Their current equity stake sits on top of everything already, so by that argument the recommendation should be that they should literally do nothing.


There's in fact a huge risk to all shareholders (commons and JPS) that 'they' will continue to do "literally nothing".

But Calabria's thoughts are based on an "if-then"-scenario. What happens if...?

For fast recap, a SPS-to-common-conversion is a most likely working solution. Likewise, a warrant exercise with cancellation of the SPS would work. But in the first option the government gets over 99%, in the second option only 79.9%. In $$$ terms, it would receive an estimated $100 billion in the first variant, and $80 billion in the second. For these extra $20 billion, the government is apparently willing to throw legacy shareholders under the bus. All the lies spread since 2008 (death spiral) are aimed at this.

That this is blatantly unfair (as is the NWS) is beyond question. But they are doing it for one simple reason, and that reason is "yes we can". Once the SPS-to-common conversion has taken place, the legacy common holders can only seek damages from the CoFC, currently appr. 60 cents.

Calabria's "if-then"-scenario assumes a senior-to-common conversion.
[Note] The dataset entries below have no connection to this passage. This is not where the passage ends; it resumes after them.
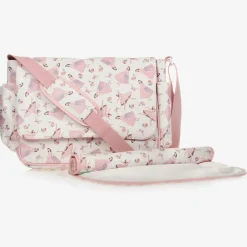 Powell Craft Bags*White & Pink Ballerina Baby Changing Bag (36cm)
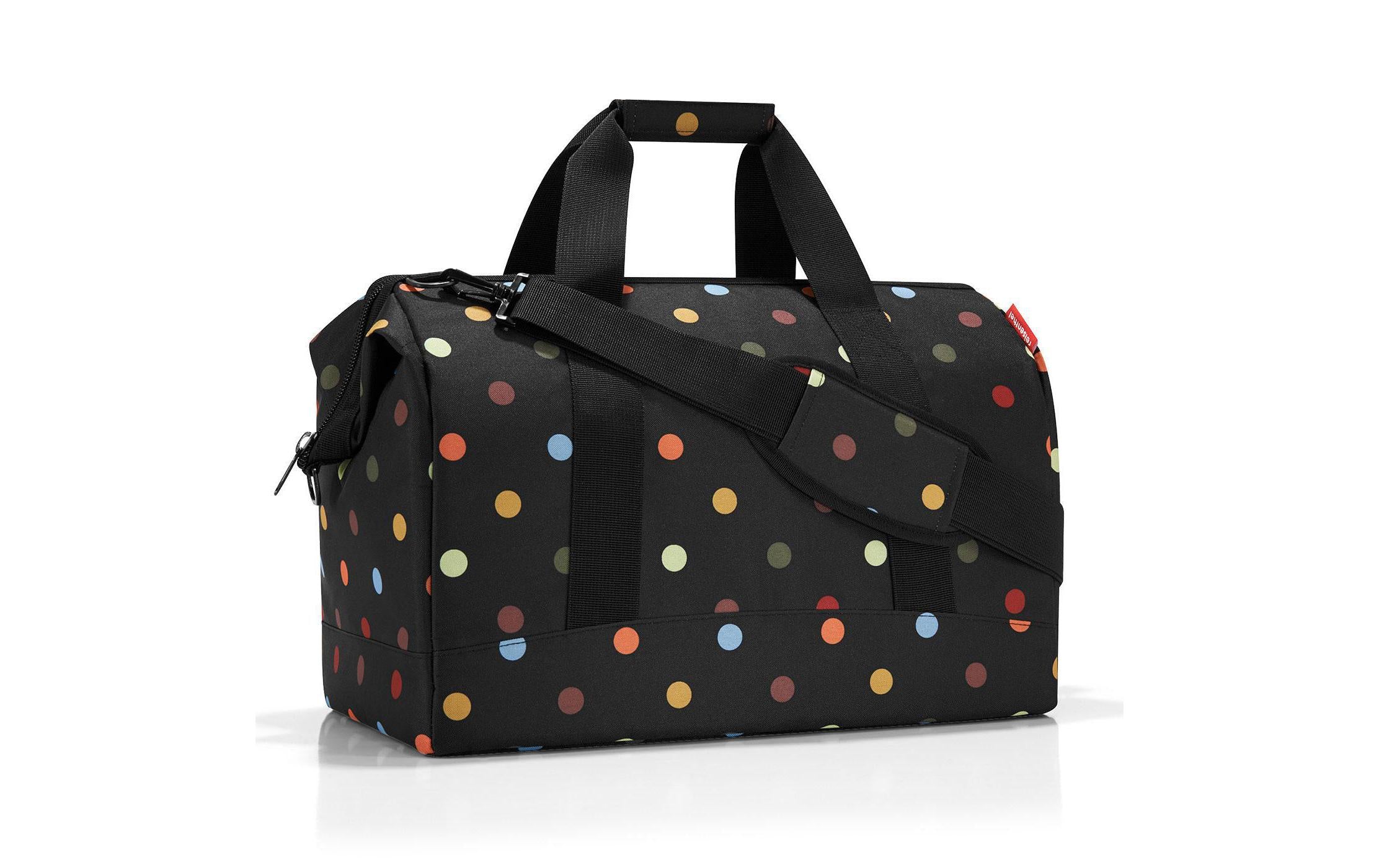 Reisenthel Schultertasche Allrounder L 30 l dots, 48 x 39.5 x 29 cm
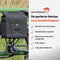 New Looxs Basic Daily Shopper Enkele Fietstas - Afneembare Shopper - Pakaftas Enkel - Boodschappentas met Haken - Stevig en Afneembaar - 24 Liter - Zwart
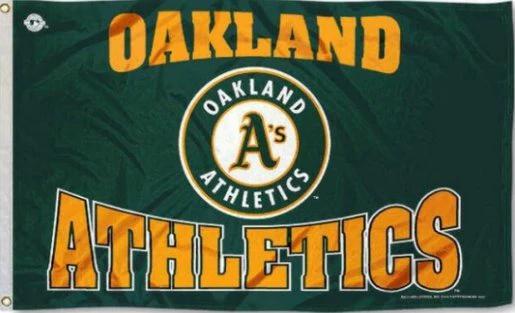 Oakland Athletics Sport Flag 3X5Ft Banner USA Polyester with Brass Grommets by flagsjustdoit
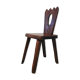 A brutalist elm chair 1960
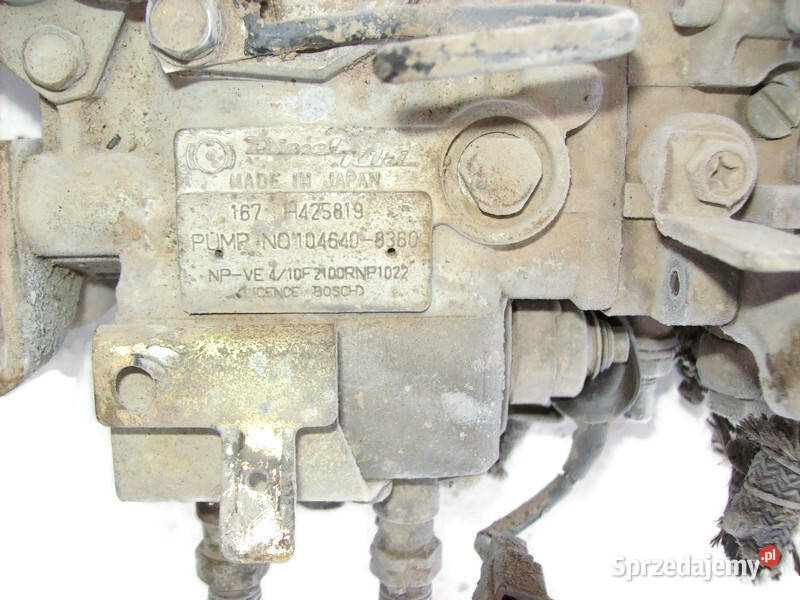 Pajero I 25 TD Pompa wtryskowa 1046408360 Mińsk Mazowiecki
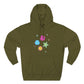 Color Pop Charm Patch Three-Panel Fleece Hoodie - snazzymerch
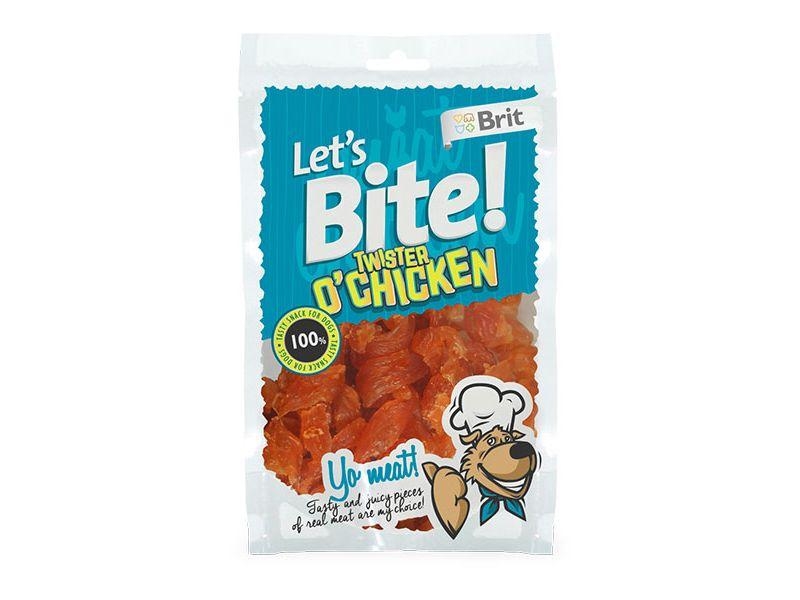 Brit NEW Лакомство д/собак Let's Bite  Twister o`Chicken Куриный твистер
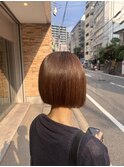 切りっぱなしボブ/マットベージュ/bel.有江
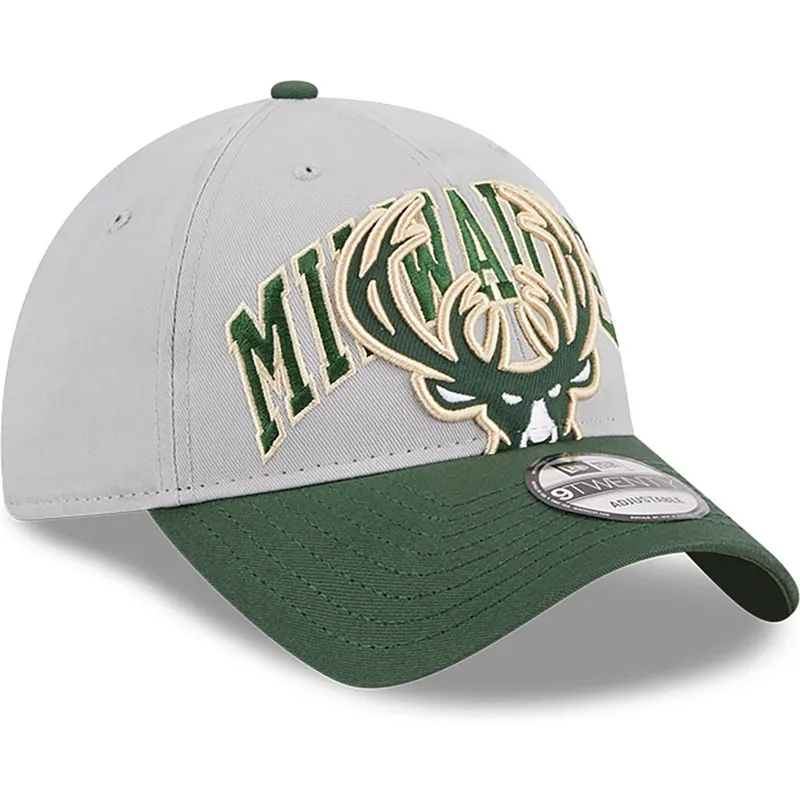 cepice-zaoblena-seda-nastavitelny-pasek-9twenty-tip-off-2023-milwaukee-bucks-nba-new-era
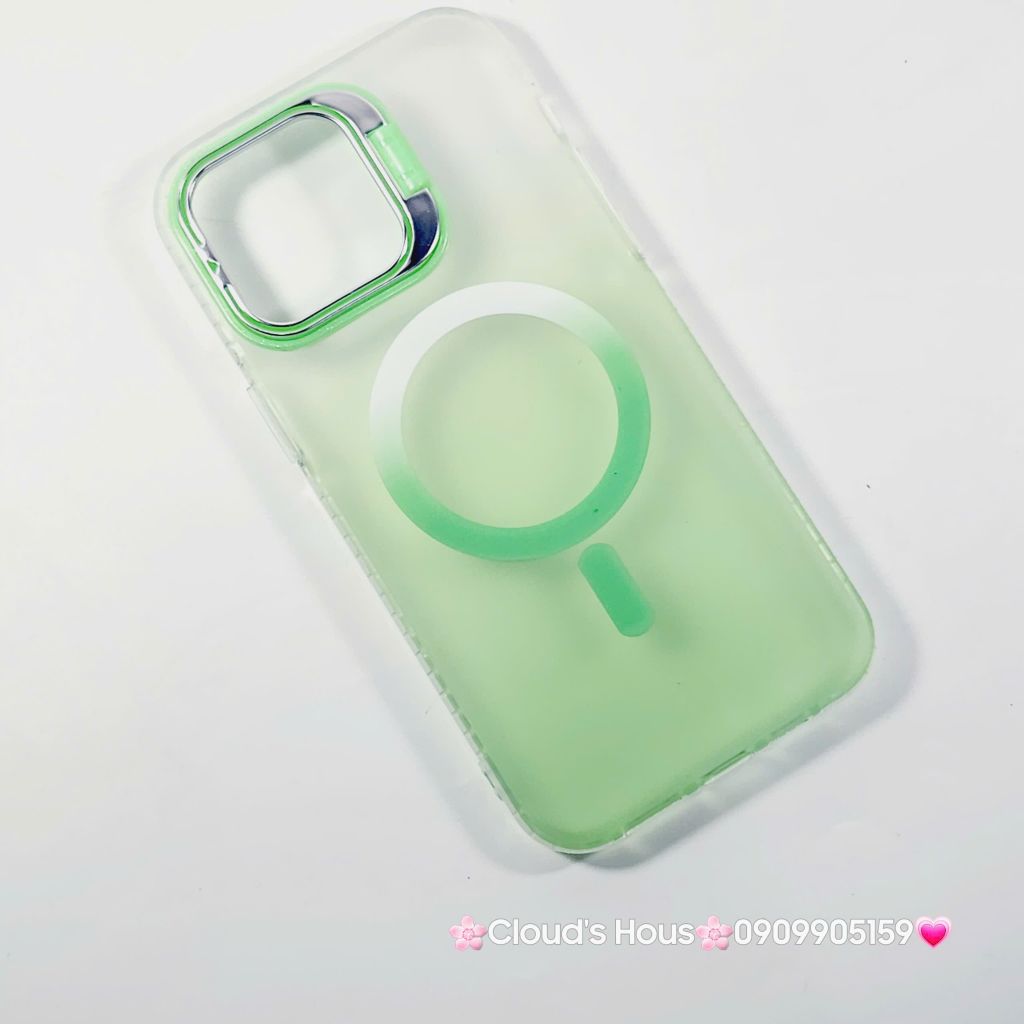 Case Ốp điện thoại iPhone Likgus Nhám Ombre Magsafe Viền Màu Không Vàng Chống Dựng khung Camera iPhone 16/Pro/Promax
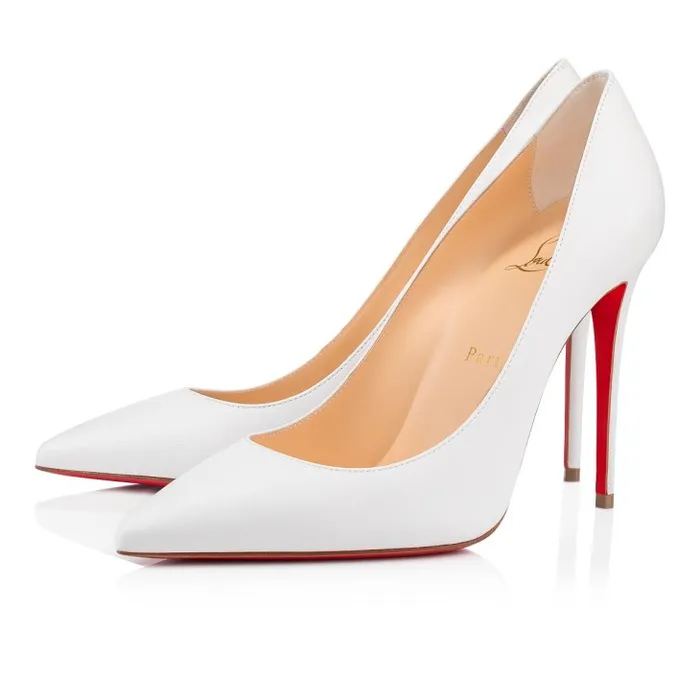 Christian Louboutin Pumps Women Kate 100 Mm Pumps 8211 Nappa Leather 8211 Bianco Christian Louboutin Pumps Women Kate 100 Mm Pumps 8211 Nappa Leather 8211 Bianco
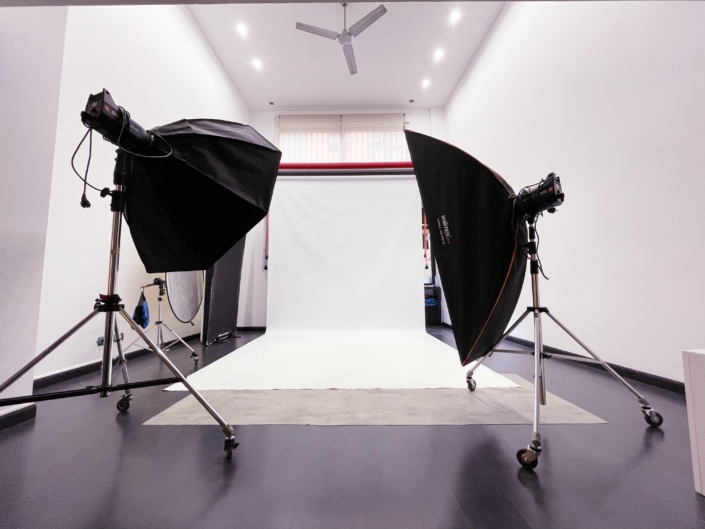 Estudio fotogràfico de alquiler en Madrid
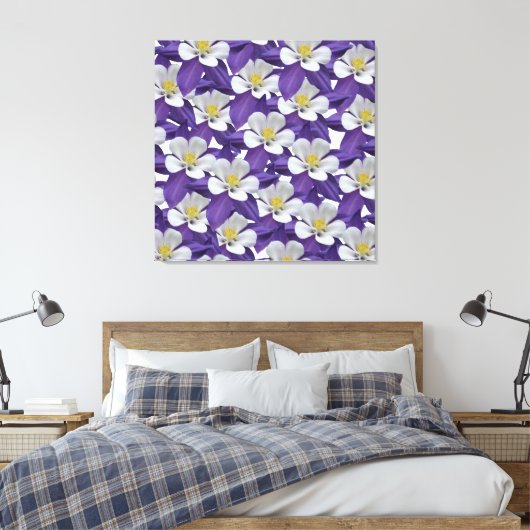 Kolomventilatorpatroon Canvas Afdruk (Insitu (Slaapkamer))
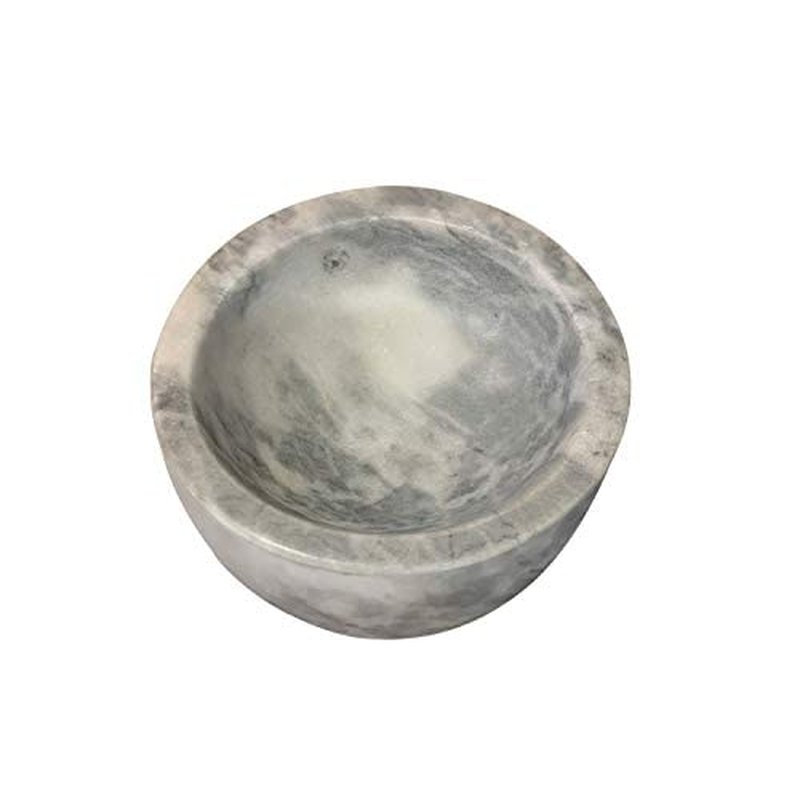 URBAN SOMBRERO ShayVe Shaving Bowl for Shaving Soap & Cream — Marble Shave Bowl For Shaving Soap & Cream — Exquisite Heat Insulated Wet Shaving Kit Addition (Light Grey Marble)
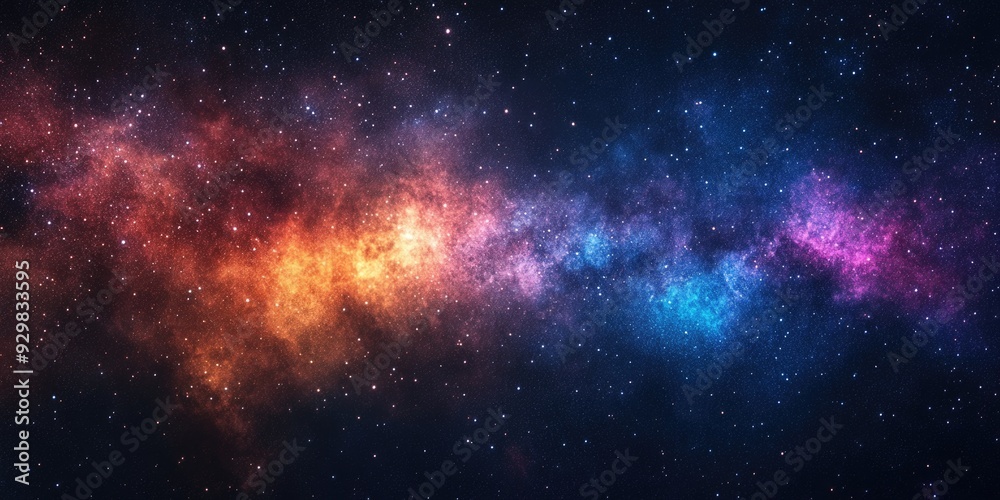 Naklejka premium Space filled with stars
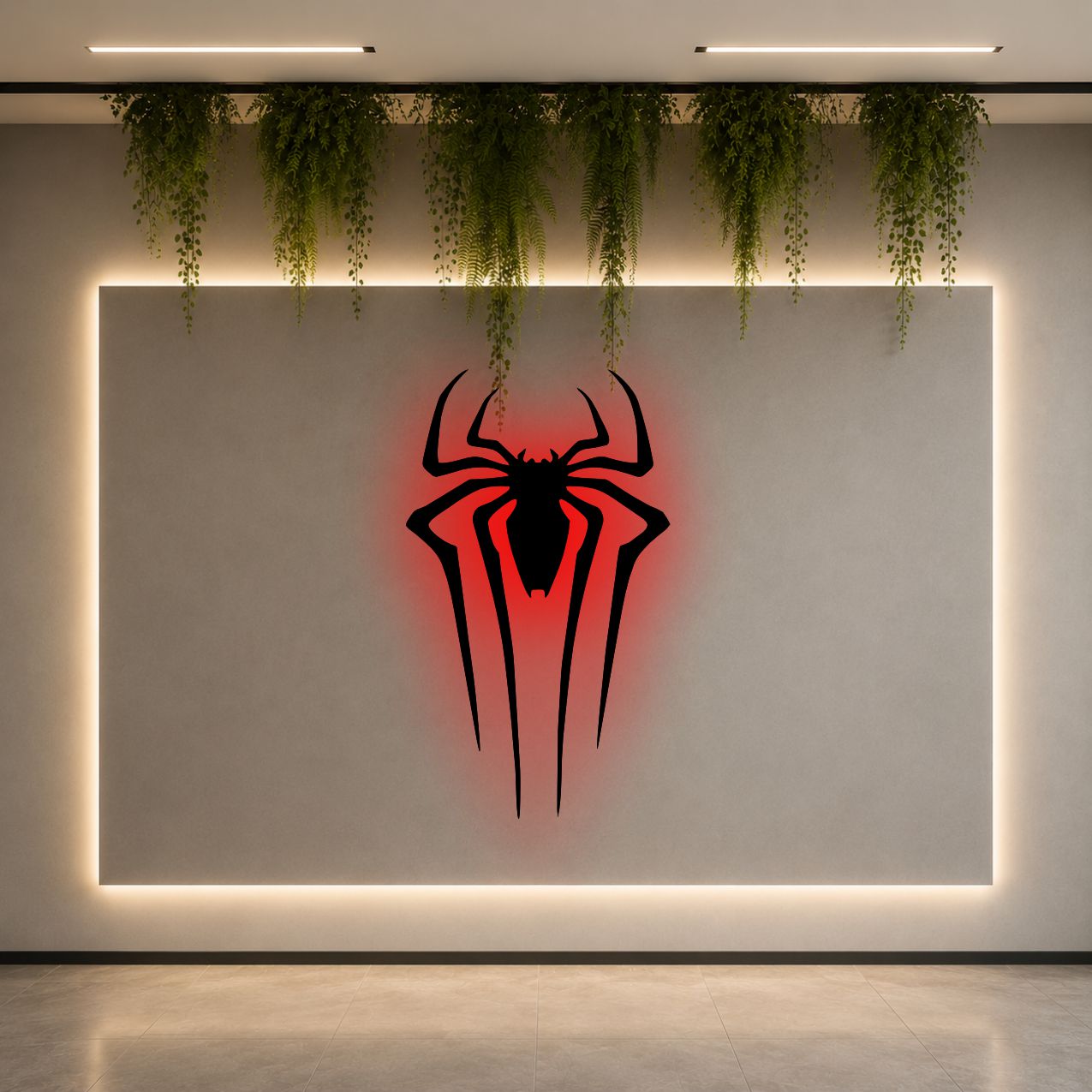Spider-Man LED Wall Art – LED Wall Decor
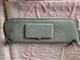 1987 - 97 FORD OBS F150 F250 F350 BRONCO  SUN VISOR + CLIP - light grey cloth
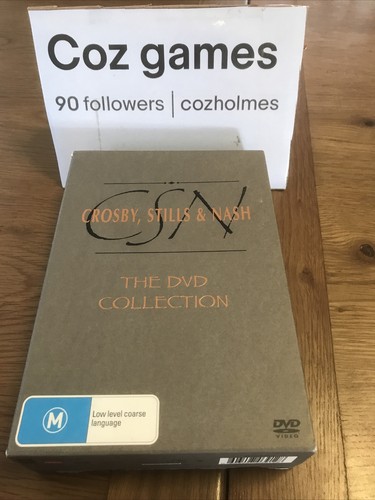 Crosby Stills & Nash The DVD Collection Box Set Rare Australian Release MUSIC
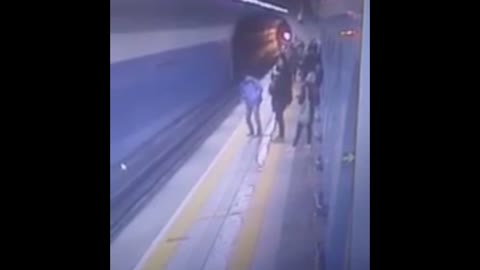 Dizzy Man Falls On Tube Tracks As Train Pulls In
This means, it is only a thought experiment for now.

And in that thought experiment, the government would be worse off because afterwards the JPSs would be ranking higher in the capital stack than the commons the government gets from the SPS conversion. There is no reason to doubt that the Treasury is not interested in such an outcome - and certainly not the subscribers of the new shares in the capital raise.

Logical conclusion: There can only be a simultaneous conversion of SPS and JPS into commons - if a conversion is planned anyway.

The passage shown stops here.